I’m trying to train multiple models but on different data in parallel. In the end, I aggregate the parameters of the resulting trained models, thus I am trying to gain a speedup by parallelizing the training process.
Each model is trained inside a Node instance. This node class is responsible for loading the data from the dataset and instantiating the Dataset and DataLoaders for both training and validation.
These node instances exist in separate processes, to which my main process communicates using pipes from the pytorch.multiprocessing package.
However, my child processes just freeze when creating the Dataset instances. Through great detective work (printing “hi” in the code :D) I found that nothing executes after I convert the data frame loaded from the file to tensors.

class MyDataset(Dataset):
  def __init__(self, df:pd.DataFrame, y_labels:str | List[str], X_labels: str | List[str], seq_len:int):
    self.y_labels = y_labels
    self.X_labels = X_labels
    self.seq_len = seq_len
    self.y = torch.tensor(df[y_labels].values).float().share_memory_() # <-nothing prints after here.
    self.X = torch.tensor(df[X_labels].values).float().share_memory_()
    print('hi!!')
    ...

I’m trying to use all my cores when training, but when I instantiate the Node which is supposed to train the model, it freezes in that exact spot. This is the code I use to split my dataset into training:

def setup(self):
        len = self.df.shape[0]
        train_size = int(0.6 * len)
        val_size = int(0.2 * len)
        
        self.train_loss = []
        self.val_loss = []
        
        self.df_train = self.df.iloc[:train_size].copy()
        self.df_val = self.df.iloc[train_size:train_size + val_size].copy()
        self.df_test = self.df.iloc[train_size + val_size:].copy()
        
        self.df_train = self.scale(self.df_train)
        self.df_val = self.scale(self.df_val)
        self.df_test = self.scale(self.df_test)
        
        self.train_dataset = PrelievoDataset(self.df_train, seq_len=self.sequence_length, y_labels=self.y_label, X_labels=self.X_labels)
        self.val_dataset = PrelievoDataset(self.df_val, seq_len=self.sequence_length, y_labels=self.y_label, X_labels=self.X_labels)
        self.test_dataset = PrelievoDataset(self.df_test, seq_len=self.sequence_length, y_labels=self.y_label, X_labels=self.X_labels)
        
        self.train_loader = DataLoader(self.train_dataset, batch_size=self.batch_size, shuffle=True)
        self.val_loader = DataLoader(self.val_dataset, batch_size=self.batch_size, shuffle=True)
        self.test_loader = DataLoader(self.test_dataset, batch_size=self.batch_size, shuffle=True)

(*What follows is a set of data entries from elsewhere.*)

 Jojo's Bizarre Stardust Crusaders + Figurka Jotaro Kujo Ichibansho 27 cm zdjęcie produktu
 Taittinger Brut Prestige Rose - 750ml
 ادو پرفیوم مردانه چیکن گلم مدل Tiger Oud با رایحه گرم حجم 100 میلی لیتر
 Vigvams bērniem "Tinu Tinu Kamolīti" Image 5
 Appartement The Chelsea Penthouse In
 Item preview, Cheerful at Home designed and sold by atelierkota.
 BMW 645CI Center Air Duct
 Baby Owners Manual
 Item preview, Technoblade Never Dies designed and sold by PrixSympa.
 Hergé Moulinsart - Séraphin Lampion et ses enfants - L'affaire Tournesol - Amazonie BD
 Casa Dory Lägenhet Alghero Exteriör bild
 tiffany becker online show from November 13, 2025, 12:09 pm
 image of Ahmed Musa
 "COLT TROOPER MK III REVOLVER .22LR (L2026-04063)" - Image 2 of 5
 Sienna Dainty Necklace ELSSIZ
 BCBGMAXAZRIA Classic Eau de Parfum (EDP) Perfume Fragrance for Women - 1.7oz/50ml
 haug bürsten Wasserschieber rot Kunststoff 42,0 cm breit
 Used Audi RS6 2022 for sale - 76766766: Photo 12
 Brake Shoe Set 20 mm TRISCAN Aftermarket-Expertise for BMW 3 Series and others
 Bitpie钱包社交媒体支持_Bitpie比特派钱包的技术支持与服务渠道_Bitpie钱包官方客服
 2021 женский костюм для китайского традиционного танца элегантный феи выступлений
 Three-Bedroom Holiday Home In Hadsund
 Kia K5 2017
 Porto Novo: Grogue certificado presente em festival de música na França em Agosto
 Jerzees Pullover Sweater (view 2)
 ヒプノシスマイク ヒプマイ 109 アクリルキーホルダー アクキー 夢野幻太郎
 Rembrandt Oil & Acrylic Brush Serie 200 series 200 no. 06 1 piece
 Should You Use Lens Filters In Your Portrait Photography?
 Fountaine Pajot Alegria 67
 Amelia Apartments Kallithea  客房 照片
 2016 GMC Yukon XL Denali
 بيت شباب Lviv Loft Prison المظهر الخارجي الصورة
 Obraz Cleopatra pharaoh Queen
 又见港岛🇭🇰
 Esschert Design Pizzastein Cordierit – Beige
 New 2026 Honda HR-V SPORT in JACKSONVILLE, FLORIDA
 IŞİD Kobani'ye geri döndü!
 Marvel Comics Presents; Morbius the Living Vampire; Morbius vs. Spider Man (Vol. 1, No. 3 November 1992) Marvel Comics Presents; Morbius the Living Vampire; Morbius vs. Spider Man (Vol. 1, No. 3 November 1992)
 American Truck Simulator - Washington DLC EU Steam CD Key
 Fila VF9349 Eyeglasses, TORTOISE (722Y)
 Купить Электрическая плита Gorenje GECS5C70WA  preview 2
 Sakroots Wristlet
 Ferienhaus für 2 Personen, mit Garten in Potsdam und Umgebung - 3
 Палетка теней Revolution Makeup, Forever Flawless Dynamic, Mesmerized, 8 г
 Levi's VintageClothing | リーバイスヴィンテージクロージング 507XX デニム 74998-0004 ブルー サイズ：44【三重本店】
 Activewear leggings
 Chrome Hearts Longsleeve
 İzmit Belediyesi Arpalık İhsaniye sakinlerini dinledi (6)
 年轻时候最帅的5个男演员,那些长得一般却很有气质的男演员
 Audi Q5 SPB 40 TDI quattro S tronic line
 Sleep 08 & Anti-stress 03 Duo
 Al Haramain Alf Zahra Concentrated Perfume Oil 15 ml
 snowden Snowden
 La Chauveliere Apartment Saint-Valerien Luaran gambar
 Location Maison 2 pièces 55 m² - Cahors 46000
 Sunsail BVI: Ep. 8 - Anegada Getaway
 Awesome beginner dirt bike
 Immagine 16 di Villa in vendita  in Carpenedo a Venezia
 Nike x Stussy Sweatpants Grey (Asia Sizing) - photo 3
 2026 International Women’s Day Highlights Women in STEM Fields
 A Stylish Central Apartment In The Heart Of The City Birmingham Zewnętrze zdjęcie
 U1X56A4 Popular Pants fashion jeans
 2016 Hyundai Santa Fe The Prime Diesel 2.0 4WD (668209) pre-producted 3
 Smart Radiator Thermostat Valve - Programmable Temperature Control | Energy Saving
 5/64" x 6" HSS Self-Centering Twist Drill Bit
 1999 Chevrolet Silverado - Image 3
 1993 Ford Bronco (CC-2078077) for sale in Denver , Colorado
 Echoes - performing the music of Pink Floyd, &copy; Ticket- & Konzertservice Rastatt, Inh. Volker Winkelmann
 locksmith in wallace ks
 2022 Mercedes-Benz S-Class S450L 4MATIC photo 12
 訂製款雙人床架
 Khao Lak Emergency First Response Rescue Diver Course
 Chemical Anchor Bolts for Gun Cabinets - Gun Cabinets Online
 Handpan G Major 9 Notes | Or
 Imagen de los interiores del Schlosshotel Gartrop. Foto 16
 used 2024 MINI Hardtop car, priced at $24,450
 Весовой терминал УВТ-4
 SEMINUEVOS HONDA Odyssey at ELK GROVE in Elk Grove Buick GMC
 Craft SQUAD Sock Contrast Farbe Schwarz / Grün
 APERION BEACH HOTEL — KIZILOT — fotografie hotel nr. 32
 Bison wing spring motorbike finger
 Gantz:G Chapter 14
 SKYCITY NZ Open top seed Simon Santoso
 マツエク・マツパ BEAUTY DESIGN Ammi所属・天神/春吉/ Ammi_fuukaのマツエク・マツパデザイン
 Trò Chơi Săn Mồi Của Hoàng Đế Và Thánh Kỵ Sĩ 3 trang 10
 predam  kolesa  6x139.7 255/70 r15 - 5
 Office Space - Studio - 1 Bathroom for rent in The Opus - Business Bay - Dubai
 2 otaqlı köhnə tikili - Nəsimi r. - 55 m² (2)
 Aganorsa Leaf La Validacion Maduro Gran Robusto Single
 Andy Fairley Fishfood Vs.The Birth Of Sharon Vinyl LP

I’m on linux and I’m only training only on my CPU. I’ve also called share_memory() on all my models.

I am not sure why this is happening. I do not have much experience with Pytorch, let alone multiprocessing with Pytorch. I humbly ask for your opinion and help! Thank you!

christiannitas · April 20, 2023, 1:13pm

The issue was solved when I switched the create method to spawn instead of fork. Still not clear on why tho…